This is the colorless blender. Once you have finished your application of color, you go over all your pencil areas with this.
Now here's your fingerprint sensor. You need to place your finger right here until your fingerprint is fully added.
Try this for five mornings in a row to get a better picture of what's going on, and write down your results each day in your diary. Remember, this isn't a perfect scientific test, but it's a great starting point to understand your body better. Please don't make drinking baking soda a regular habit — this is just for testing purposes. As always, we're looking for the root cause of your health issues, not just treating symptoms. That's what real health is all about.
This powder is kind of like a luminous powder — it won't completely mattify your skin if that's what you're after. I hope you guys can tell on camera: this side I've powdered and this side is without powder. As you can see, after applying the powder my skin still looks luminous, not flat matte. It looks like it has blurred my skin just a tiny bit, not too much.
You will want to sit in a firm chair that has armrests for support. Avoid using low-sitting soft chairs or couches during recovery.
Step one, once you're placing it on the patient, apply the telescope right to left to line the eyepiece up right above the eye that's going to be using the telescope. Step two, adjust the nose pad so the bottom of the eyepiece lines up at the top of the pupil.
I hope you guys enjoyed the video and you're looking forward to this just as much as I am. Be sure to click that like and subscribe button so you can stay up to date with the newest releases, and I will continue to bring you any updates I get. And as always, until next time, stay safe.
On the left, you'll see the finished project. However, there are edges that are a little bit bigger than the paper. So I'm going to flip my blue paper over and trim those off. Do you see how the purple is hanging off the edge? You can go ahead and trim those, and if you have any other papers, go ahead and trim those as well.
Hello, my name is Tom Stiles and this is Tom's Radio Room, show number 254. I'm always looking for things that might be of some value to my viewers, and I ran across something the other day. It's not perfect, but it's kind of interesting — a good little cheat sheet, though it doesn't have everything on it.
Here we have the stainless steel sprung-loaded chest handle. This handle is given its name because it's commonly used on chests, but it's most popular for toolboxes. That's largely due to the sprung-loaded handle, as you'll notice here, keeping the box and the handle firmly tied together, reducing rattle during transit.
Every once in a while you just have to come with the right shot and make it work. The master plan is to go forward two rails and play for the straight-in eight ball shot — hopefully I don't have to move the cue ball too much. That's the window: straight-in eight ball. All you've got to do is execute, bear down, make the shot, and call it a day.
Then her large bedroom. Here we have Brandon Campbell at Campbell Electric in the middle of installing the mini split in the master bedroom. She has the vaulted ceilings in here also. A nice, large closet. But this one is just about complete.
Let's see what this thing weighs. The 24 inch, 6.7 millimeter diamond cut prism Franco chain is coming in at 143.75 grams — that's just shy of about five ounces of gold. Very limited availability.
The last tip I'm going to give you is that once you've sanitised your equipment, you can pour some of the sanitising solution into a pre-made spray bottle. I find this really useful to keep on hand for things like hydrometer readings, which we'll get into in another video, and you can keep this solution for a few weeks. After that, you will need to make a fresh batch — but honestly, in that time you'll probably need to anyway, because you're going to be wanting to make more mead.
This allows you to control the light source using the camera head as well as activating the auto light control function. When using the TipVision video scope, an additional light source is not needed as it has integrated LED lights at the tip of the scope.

::::::

## REQUIRED ACTION
Show the lines of the entries that include the string "what", copying each in full.

## OUTPUT OF THE TASK
Try this for five mornings in a row to get a better picture of what's going on, and write down your results each day in your diary. Remember, this isn't a perfect scientific test, but it's a great starting point to understand your body better. Please don't make drinking baking soda a regular habit — this is just for testing purposes. As always, we're looking for the root cause of your health issues, not just treating symptoms. That's what real health is all about.
This powder is kind of like a luminous powder — it won't completely mattify your skin if that's what you're after. I hope you guys can tell on camera: this side I've powdered and this side is without powder. As you can see, after applying the powder my skin still looks luminous, not flat matte. It looks like it has blurred my skin just a tiny bit, not too much.
Let's see what this thing weighs. The 24 inch, 6.7 millimeter diamond cut prism Franco chain is coming in at 143.75 grams — that's just shy of about five ounces of gold. Very limited availability.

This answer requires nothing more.